Darrell was drafted by the Royals in 1967, but for some reason was exposed to the Rule 5 draft in 1968 and the Braves took him. Stuck behind Clete Boyer, he only got into 12 games each of his first two seasons. In 1971 he took most of Boyer’s playing time, and hit what turned out to be a pretty typical .242 in 89 games. Playing full-time in 1972, Evans hit .254/.384/.419.
In 1973, Evans was one of four three Braves to hit 40 or more homers, with 41, and made the all-star team. He hit .281/.403/.556 overall, career highs in all categories. He really wasn’t a .280 hitter, and hitting that probably fooled the team into thinking that he should have continued to and thus they were disappointed in his production in the next two seasons.
He was still the best player on the team, by Win Shares, in those seasons, but a low average one, .240 and .243. He hit for power, he drew walks, he was a good baserunner and while he wasn’t Boyer with the glove he was damned good and blatantly robbed of the Gold Glove by inferiors such as Doug Rader and Ken Reitz.
Evans got off to a terrible start in 1975. As I’ve mentioned, the Braves in the seventies continually traded their best players when they were at their worst, and this was no exception. When hitting .173/.320/.194 after 44 games, Darrell was sent to the Giants (along with Marty Perez) for mostly Willie Montanez. Montanez was pretty good for a year and a half for the Braves but after that was pretty much done. Evans would play until 1989.

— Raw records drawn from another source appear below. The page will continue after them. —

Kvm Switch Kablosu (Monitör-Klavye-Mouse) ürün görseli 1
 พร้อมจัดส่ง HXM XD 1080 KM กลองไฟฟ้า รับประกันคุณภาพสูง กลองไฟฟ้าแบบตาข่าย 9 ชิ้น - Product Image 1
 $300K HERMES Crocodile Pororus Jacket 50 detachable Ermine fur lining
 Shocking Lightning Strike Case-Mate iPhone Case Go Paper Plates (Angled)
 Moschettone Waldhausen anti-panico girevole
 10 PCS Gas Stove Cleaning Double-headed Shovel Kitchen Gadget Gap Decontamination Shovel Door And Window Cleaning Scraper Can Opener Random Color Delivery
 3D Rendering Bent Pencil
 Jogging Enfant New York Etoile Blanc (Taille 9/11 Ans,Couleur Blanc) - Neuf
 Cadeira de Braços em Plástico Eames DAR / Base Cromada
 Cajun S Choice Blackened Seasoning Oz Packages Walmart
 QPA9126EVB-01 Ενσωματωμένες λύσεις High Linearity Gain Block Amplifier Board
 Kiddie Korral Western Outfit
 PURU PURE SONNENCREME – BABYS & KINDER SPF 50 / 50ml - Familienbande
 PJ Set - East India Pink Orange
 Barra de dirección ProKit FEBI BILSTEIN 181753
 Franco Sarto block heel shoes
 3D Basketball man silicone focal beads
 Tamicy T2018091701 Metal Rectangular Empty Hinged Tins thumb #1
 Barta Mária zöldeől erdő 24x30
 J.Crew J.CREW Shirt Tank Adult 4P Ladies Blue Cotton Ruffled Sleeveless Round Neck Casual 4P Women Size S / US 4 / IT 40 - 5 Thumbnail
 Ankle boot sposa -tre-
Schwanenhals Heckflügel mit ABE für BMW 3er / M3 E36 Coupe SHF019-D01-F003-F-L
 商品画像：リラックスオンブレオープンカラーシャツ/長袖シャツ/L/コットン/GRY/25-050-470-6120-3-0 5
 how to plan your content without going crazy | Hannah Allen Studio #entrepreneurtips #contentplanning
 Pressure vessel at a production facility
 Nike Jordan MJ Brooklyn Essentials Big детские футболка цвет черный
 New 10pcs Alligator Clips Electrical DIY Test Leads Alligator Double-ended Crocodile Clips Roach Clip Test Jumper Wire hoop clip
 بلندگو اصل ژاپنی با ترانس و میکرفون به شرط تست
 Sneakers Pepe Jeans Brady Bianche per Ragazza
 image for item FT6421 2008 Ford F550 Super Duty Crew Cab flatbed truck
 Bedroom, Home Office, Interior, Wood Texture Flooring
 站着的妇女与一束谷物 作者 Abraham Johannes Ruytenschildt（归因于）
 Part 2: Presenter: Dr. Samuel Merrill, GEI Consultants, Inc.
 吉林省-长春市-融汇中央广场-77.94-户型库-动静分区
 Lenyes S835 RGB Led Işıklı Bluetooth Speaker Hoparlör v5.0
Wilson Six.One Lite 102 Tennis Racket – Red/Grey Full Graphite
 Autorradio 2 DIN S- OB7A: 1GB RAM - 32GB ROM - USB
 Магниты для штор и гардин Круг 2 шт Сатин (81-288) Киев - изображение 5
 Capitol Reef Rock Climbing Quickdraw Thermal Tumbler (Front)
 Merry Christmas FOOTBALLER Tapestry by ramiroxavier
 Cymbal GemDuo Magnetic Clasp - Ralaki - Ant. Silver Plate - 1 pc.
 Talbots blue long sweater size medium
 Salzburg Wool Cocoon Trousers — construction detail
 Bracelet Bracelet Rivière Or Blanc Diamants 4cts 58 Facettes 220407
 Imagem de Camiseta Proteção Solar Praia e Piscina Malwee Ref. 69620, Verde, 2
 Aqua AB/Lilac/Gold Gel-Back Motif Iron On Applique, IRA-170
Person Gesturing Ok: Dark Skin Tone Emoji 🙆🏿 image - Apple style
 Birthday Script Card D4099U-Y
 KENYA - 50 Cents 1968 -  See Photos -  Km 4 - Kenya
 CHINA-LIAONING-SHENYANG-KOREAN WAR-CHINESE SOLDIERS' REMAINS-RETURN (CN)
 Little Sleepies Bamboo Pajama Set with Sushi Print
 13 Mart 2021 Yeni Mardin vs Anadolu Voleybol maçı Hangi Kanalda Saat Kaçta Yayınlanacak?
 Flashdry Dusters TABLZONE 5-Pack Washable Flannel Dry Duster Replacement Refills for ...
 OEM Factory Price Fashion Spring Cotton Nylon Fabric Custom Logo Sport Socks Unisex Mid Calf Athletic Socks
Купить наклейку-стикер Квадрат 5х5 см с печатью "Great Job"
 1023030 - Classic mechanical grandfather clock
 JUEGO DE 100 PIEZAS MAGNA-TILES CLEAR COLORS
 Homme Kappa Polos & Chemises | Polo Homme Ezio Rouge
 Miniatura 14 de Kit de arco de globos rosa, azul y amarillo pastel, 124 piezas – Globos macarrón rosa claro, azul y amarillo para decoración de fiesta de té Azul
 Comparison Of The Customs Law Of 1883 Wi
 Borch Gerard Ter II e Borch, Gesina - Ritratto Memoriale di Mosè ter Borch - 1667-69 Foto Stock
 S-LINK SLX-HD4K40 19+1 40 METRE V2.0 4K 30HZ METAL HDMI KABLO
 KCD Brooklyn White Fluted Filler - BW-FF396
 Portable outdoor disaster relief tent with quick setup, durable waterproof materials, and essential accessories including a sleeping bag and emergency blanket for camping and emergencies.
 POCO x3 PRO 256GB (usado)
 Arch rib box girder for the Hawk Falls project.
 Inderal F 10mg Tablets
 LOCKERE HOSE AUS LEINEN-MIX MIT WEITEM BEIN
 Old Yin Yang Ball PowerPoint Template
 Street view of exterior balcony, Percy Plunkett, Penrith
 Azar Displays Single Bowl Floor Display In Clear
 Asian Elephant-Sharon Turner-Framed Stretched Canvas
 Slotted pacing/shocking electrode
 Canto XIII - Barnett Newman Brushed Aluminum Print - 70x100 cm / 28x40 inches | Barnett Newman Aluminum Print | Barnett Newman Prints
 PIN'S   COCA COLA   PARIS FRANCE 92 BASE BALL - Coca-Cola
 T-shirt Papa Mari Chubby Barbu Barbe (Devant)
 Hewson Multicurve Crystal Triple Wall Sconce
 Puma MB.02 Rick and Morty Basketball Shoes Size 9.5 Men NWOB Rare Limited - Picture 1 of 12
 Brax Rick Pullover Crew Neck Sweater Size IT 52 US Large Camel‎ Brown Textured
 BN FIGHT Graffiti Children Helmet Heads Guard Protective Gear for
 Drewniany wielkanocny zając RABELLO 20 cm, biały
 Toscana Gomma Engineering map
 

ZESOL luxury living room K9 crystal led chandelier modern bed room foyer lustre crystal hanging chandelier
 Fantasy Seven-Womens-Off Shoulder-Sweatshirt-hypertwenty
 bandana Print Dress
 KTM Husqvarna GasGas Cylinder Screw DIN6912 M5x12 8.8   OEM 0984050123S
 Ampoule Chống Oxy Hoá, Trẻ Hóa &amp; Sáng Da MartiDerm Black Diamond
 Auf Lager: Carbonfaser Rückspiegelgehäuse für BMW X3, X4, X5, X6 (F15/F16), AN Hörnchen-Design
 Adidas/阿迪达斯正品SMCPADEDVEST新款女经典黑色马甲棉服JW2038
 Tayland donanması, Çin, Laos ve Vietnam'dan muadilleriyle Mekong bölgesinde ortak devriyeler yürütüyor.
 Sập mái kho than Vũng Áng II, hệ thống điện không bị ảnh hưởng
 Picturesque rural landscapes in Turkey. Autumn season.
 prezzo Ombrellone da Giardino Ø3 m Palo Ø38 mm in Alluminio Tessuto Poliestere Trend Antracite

Darrell played in San Francisco until 1983, getting moved to first base to stay in the lineup that season, which was one of his best years. He then joined the Tigers, just in time to get a World Series ring. While he didn’t play well, he rebounded with his second 40-homer season in 1985. He was still a good player in 1987, at the age of 40, but fell apart the next season. The Braves brought him back in 1989, because they really didn’t have anything better. He hit .207/.303/.355, which is obviously pretty bad.